You can see it in the clouds. The "horse tails" are whipping to the southeast, as seen in this picture taken yesterday out on the road to the lake southeast of town. They indicate a cold front is about two-three days away.
Don Morgan, a New Mexico rancher taught me that. I worked for him outside of Fort Sumner when I was 21-22 after dropping out of college. In the Great Southwest there's little else but the weather to talk about. I needed that simplicity at the time. It was good, clean, healthy work and my horse was a better horse than I was a cowboy. You can imagine how humbling it was to sit on a horse like that and let him make all the decisions about cutting and herding without interference. It was like being powerless.
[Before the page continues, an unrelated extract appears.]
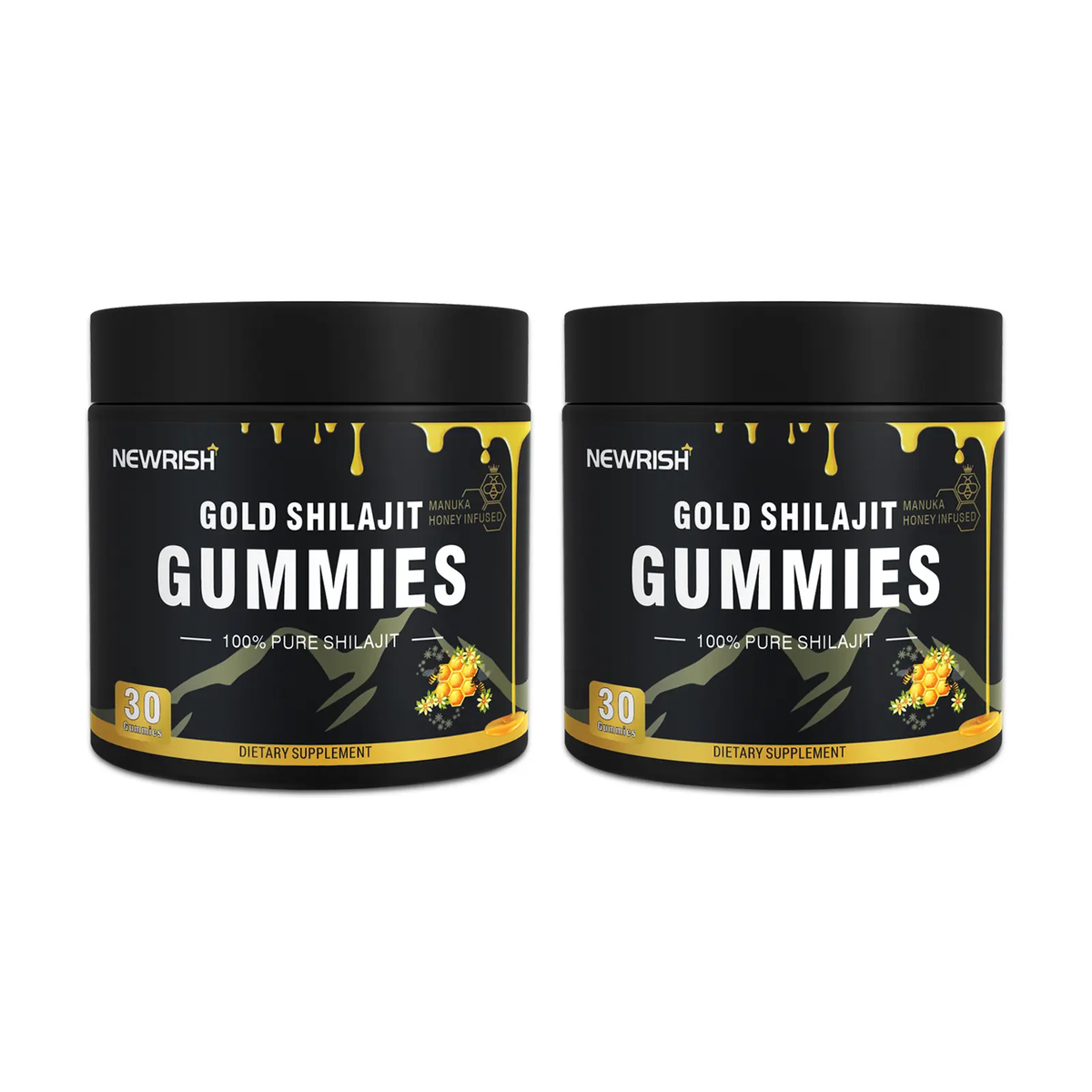 Newrish Gold Grade 100% Pure Shilajit Gummies | 85+ Trace Minerals and Fulvic Acid | All Natural | Immune and Energy Support | 30 Gummies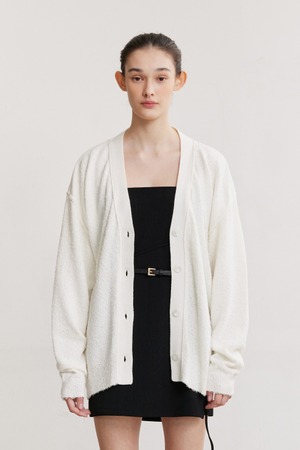 [AFTERHOURS] CONTRAST BOOKLE OVERSIZED CARDIGAN (IVORY)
It was really, really like being powerless when that horse spotted the barn from high up on a ridge. The cattle herding was over. He headed straight for the barn and there was no stopping him. I just had to go with it.
It was a relief that nobody made fun of me when I finally made it back out to the branding in the old Jimmy. But then, ranchers and their cowboys are so notoriously stoic, the polite grins I was getting when I got back probably would have been interpreted by a native New Mexican as a denigrating laugh-fest worth a good barroom brawl after-hours. To a boy from the city like myself, I was just happy they all kept their mouths shut and left me alone.
How was I to know you were supposed to beat your horse for that kind of impudence? At any rate, the horse seemed to intuit that he'd never get a beating from a city slicker like me. I even tried twisting his ear. Nothing short of a beating was ever going to deter that horse from his destination and if I had tried, he'd have probably kicked my ass.
But I'm having the last laugh you see; that sombitch is long since dead and pecked over by buzzards of "the high chaparral." The "better cowboys" knew not to even ride him. But what a cutting horse he was! You could have put Howdy Doody in the saddle and that horse would have done his thang.
You can barely make her out, but my dog Honey is pictured nose buried in the earth about a half-inch up on the far right edge of the windmill photo -- black fur with the white shoulder. She's just a spot really. Click-on the photo for an enlarged version.
This windmill photo was interesting without the added effects, but a little color saturation, some sharpening and lots of added grain to give it the look of an old painting and folks around here will soon be thinking I've been working in oils. It's amazing what a Nikon D80 can do to get an old timer out of the house and into the sunlight, even at sunset, even if photographs of western windmills have long been a cliché, even if admitting the cliché is cliché, and so on.
The really good thing about windmills though, is that they remind me of water. Some days, cues and triggers like this can be very important.